= Cleon of Gordiucome =

1st-century BC brigand-king in Asia Minor

Cleon of Gordiucome (Κλέων), or Cleon the Mysian, was a 1st-century BC brigand-king in Asia Minor.

Cleon made a reputation for himself with robbery and marauding warfare in and around Olympus, long occupying the fortress called by ancient geographers Callydium (Strabo) or Calydnium (Eustathius). He at first courted the favour of Mark Antony, and was awarded a good deal of land in exchange. In 40 BC Cleon's forces harried an invading body of Parthians led by Quintus Labienus.
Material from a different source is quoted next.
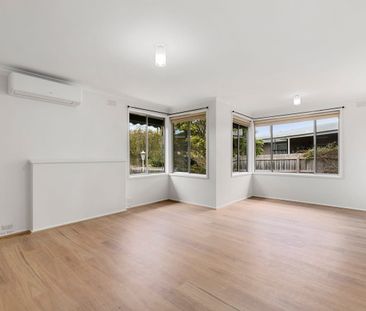 7 Murragong Avenue, Bundoora VIC 3083 - Photo 2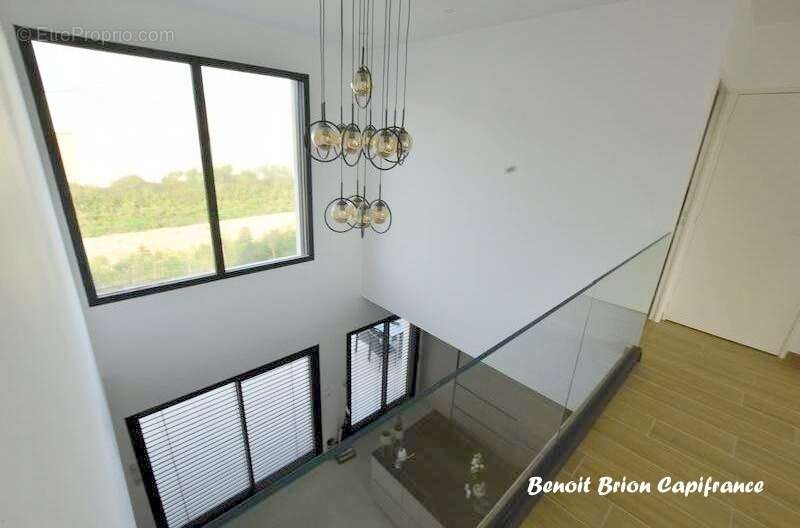 Maison à LA CHAPELLE-DES-FOUGERETZ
Around the time of the Battle of Actium in 31 BC, Cleon switched sides to that of Octavian. In exchange for services rendered in the wars against Mark Antony, Octavian appointed Cleon the priest of the goddess Bellona in the temple-state of Comana and sovereign, therefore, of the surrounding country. Cleon added what he had been given by Octavian to what he had received from Mark Antony and styled himself a dynast. Under Octavian he also founded the city of Juliopolis out of the town of his birth, Gordiucome. Strabo mentions that Cleon was a priest of Jupiter Abrettenus and ruler of Morene, a region of Mysia noticed by no other writer.

Cleon's rule was unsuccessful and exceedingly brief; he died only one month after his appointment. In contemporary accounts, it was written that Cleon died because he ignored a taboo against eating pork in the temple precinct of Bellona.

It is sometimes recorded that Cleon succeeded Lycomedes as ruler of Comana after the very brief reign of Medeius of Comana. Strabo suggests that Medeius and Cleon are different names for the same person, the former being the Greek name, the latter the native one. Cleon was in any case succeeded by Dyteutus.